Given data START
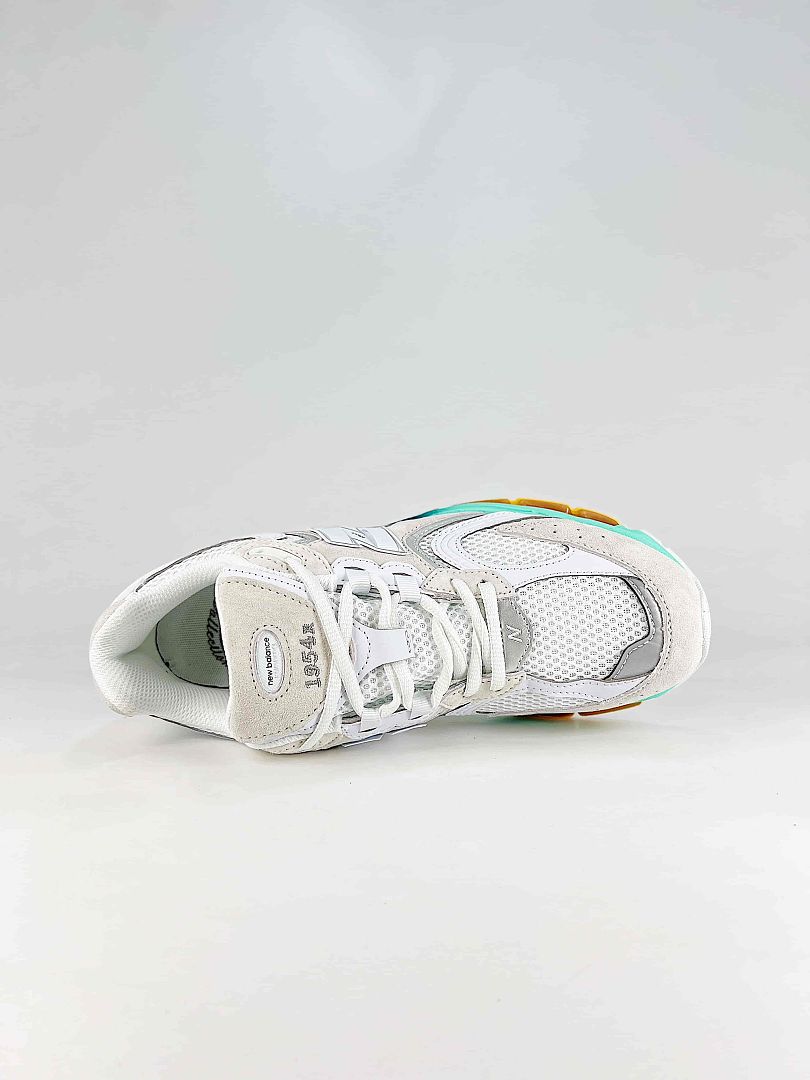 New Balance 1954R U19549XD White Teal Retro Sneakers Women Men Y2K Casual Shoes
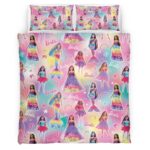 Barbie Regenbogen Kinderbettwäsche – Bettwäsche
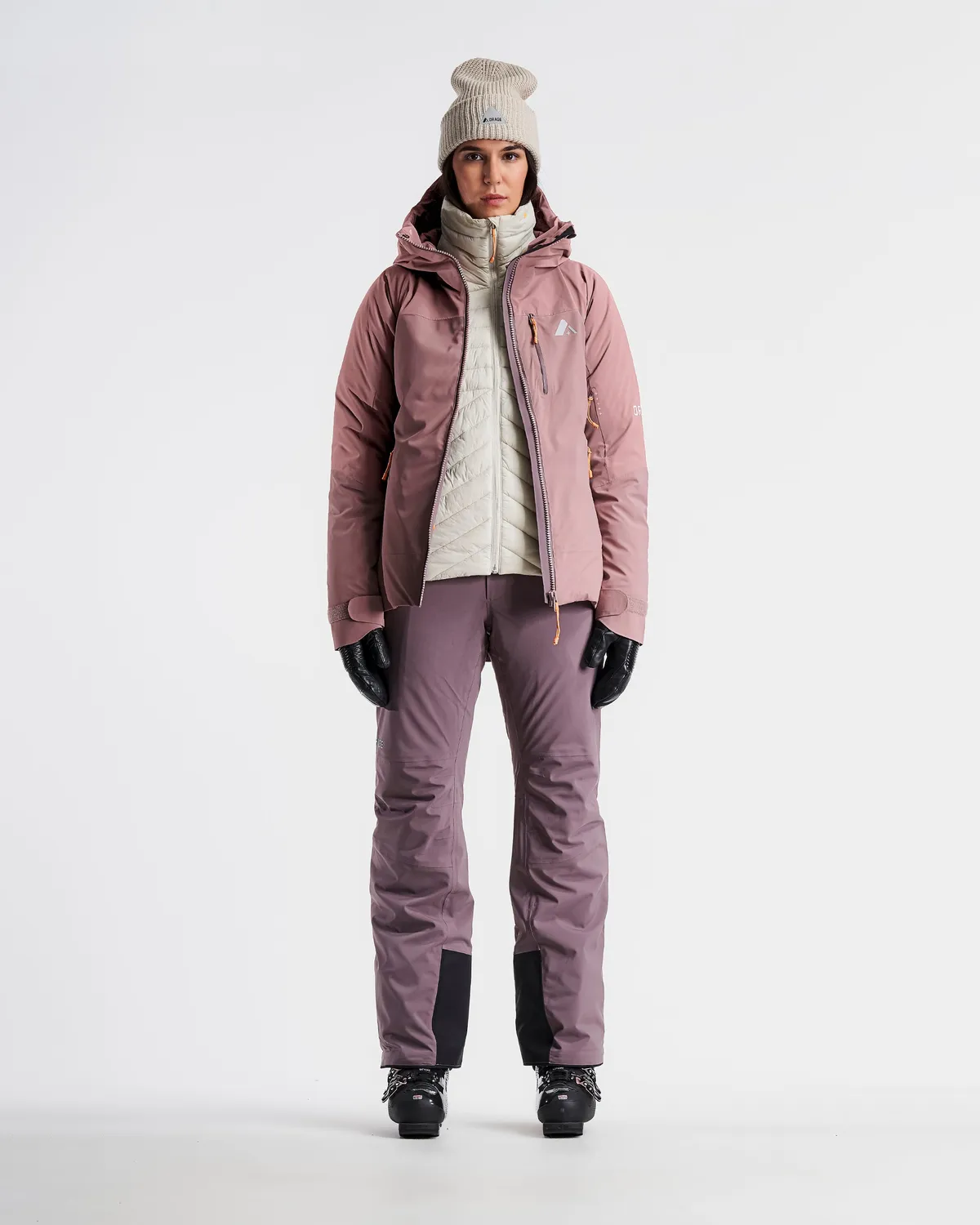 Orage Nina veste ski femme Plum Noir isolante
Given data END
Given data START
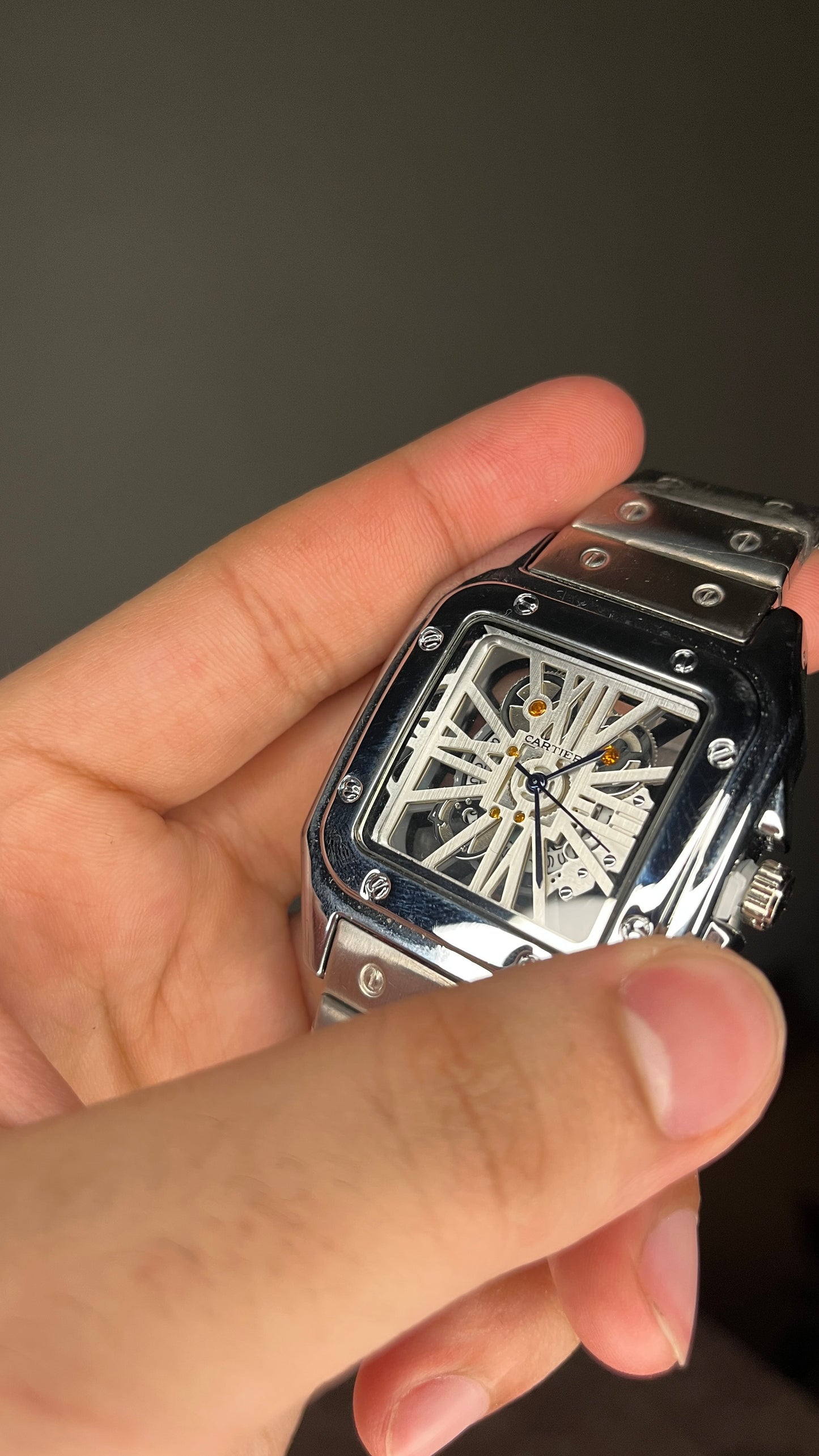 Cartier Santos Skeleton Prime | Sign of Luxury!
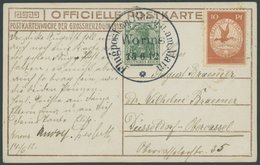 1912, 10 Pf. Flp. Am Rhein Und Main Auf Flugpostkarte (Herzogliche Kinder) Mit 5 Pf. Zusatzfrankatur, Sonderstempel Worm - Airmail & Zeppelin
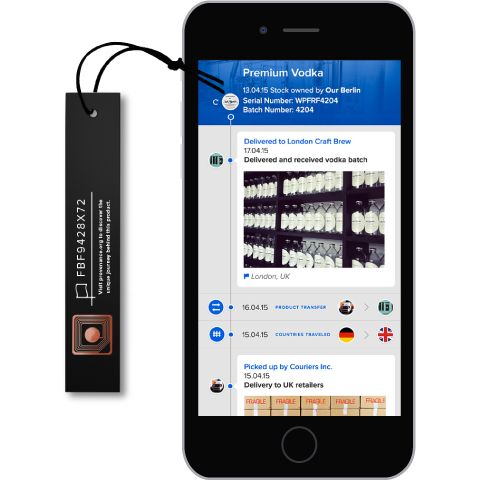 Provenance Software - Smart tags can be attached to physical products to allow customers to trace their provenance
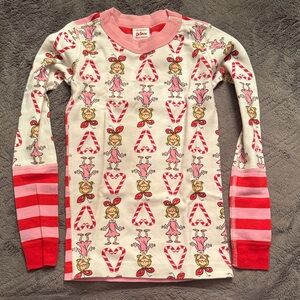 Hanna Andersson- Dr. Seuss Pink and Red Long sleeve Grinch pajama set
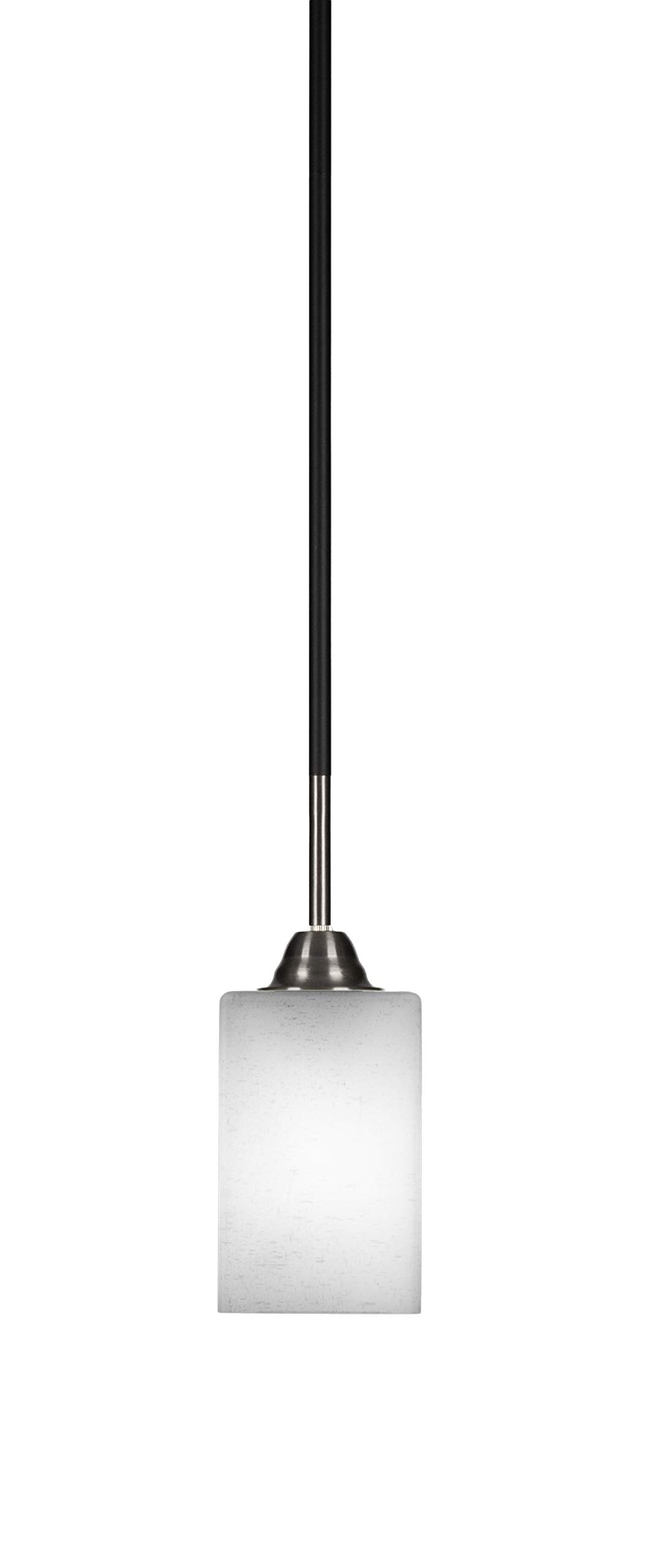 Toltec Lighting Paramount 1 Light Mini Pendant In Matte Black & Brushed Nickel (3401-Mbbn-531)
Given data END
Take the entries above and copy exactly the lines starting at the one with "Cartier Santos Skeleton" and ending at the one with "Toltec Lighting Paramount"; nothing outside that span, and no pictures.

Reply
 Cartier Santos Skeleton Prime | Sign of Luxury!
 1912, 10 Pf. Flp. Am Rhein Und Main Auf Flugpostkarte (Herzogliche Kinder) Mit 5 Pf. Zusatzfrankatur, Sonderstempel Worm - Airmail & Zeppelin
 Provenance Software - Smart tags can be attached to physical products to allow customers to trace their provenance
 Hanna Andersson- Dr. Seuss Pink and Red Long sleeve Grinch pajama set
 Toltec Lighting Paramount 1 Light Mini Pendant In Matte Black & Brushed Nickel (3401-Mbbn-531)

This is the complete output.